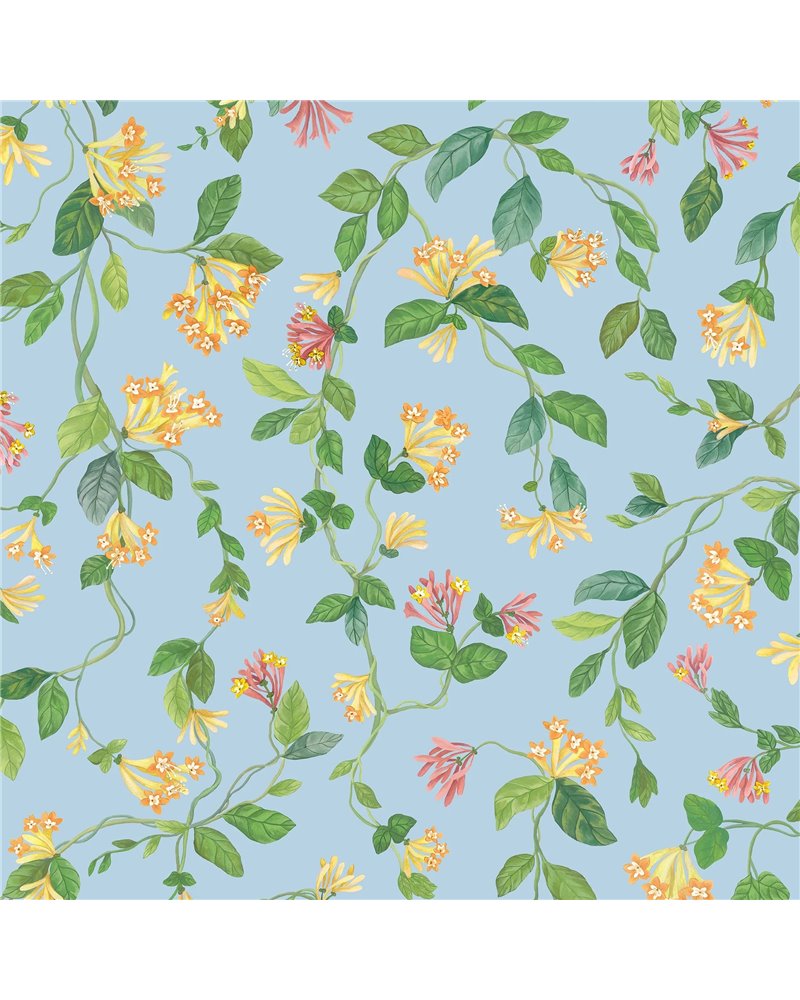 Flora Buttercup Yellow On Cornflower Blue 124-3018 Flora Buttercup Yellow On Cornflower Blue 124-3018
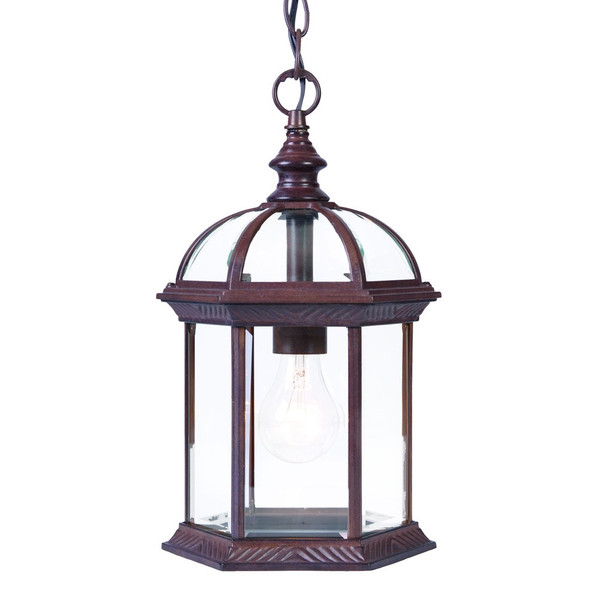 Dover 1-Light Burled Walnut Hanging Light 398009 By Homeroots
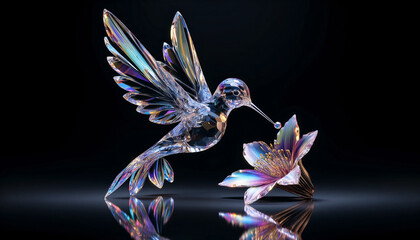 Obraz na płótnie Canvas An elegant image of a crystal hummingbird in mid-flight, its body and wings formed from transparent, iridescent glass that reflects a spectrum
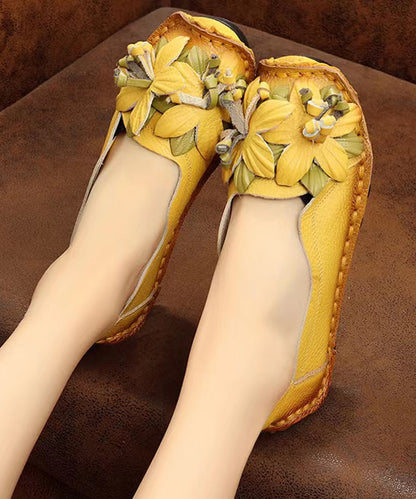 Retro Splicing Flats Yellow Faux Leather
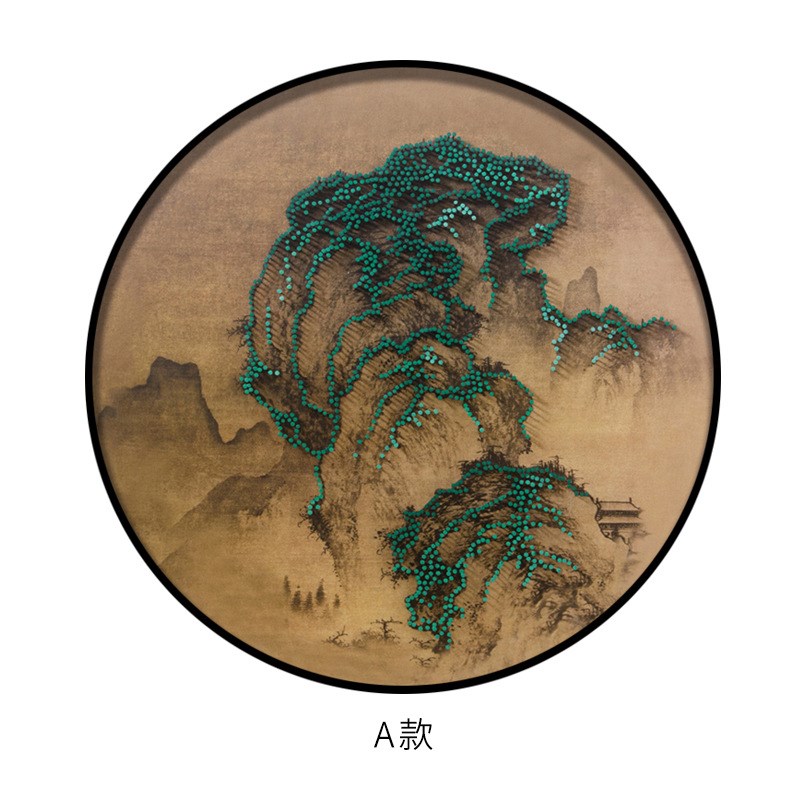 新中式圆形装饰画入户r玄关山水立体钉子画走廊客厅书房墙壁挂画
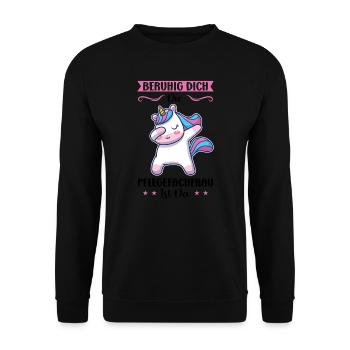 Krankenhaus Pflegefachfrau Pflegerin Geschenk - Unisex Pullover - Schwarz - Vorne - Alina (178cm) & Michal (187cm)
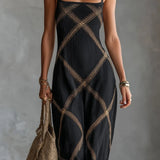 Melisa Vestido Maxi Geométrico con Escote Cuadrado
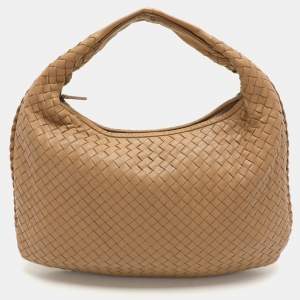Pre Owned Bottega Veneta Beige Intrecciato Leather Small Hobo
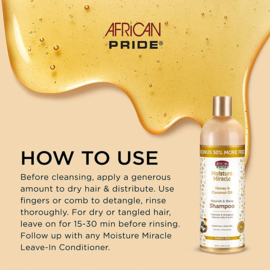 African Pride Moisture Miracle Honey & Coconut Oil Nourish & Shine Shampoo 473ml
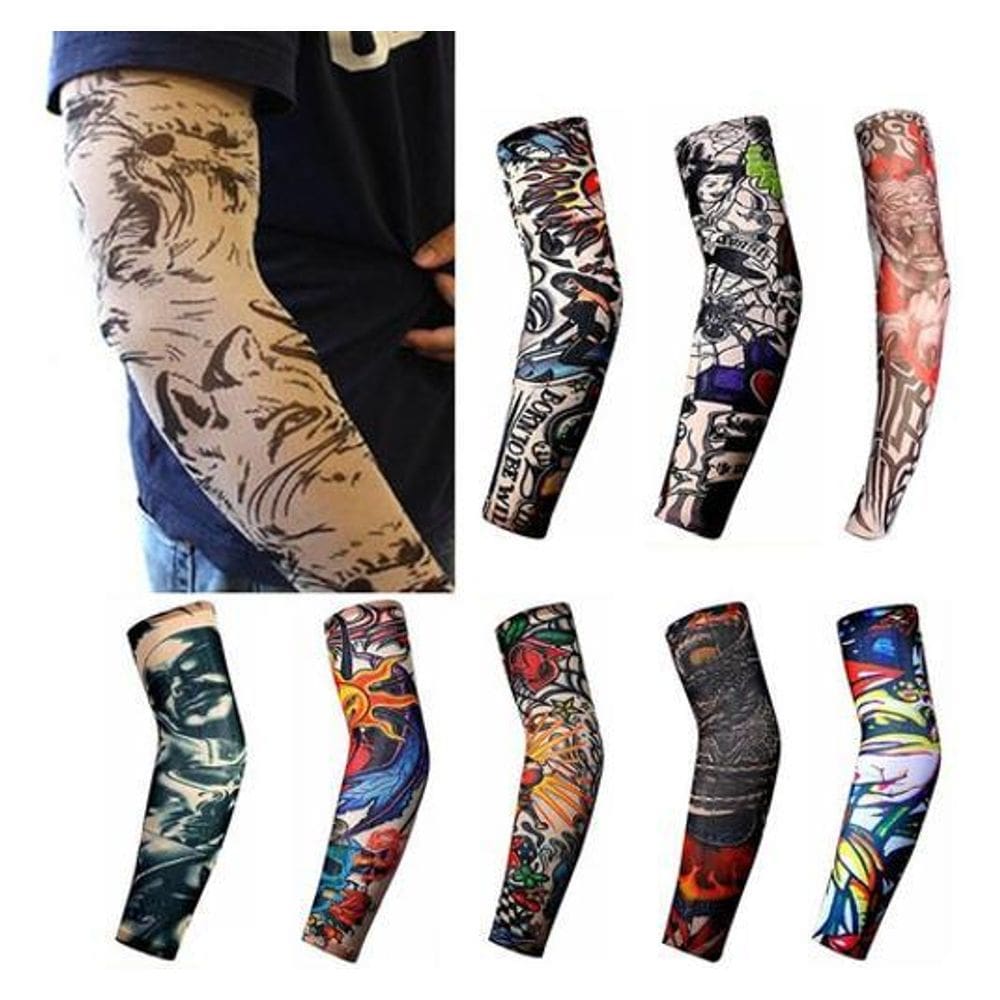Manguito Manga Tipo Tatuagem Tatoo Par Variados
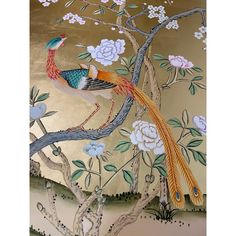 a painting of two peacocks sitting on a tree branch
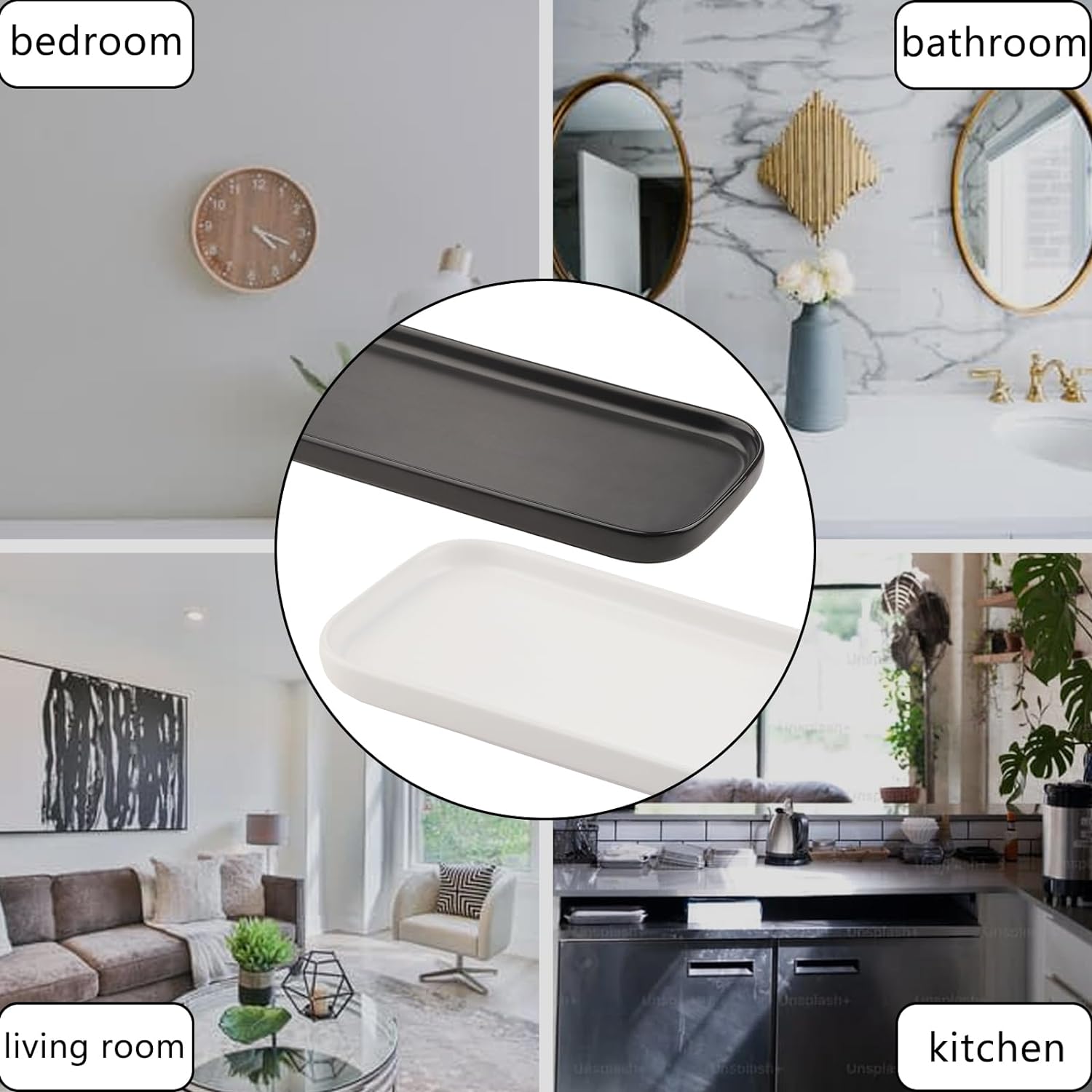 Premium White Ceramic Tray for Kitchen Bathroom Use
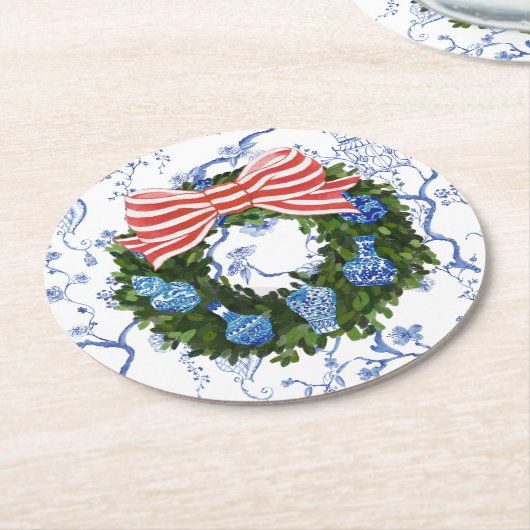Chinoiserieリース、クリスマスジンジャージャー、パーティー ラウンドペーパーコースター (アングル)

+++++

▶ Work to complete
Of the lines above, quote exactly those from the one with "Retro Splicing Flats Yellow Faux Leather" through the one with "Premium White Ceramic", ends included; pictures stay out.

▶ Response
 Retro Splicing Flats Yellow Faux Leather
 新中式圆形装饰画入户r玄关山水立体钉子画走廊客厅书房墙壁挂画
 Krankenhaus Pflegefachfrau Pflegerin Geschenk - Unisex Pullover - Schwarz - Vorne - Alina (178cm) & Michal (187cm)
 Melisa Vestido Maxi Geométrico con Escote Cuadrado
Pre Owned Bottega Veneta Beige Intrecciato Leather Small Hobo
 African Pride Moisture Miracle Honey & Coconut Oil Nourish & Shine Shampoo 473ml
Manguito Manga Tipo Tatuagem Tatoo Par Variados
 a painting of two peacocks sitting on a tree branch
 Premium White Ceramic Tray for Kitchen Bathroom Use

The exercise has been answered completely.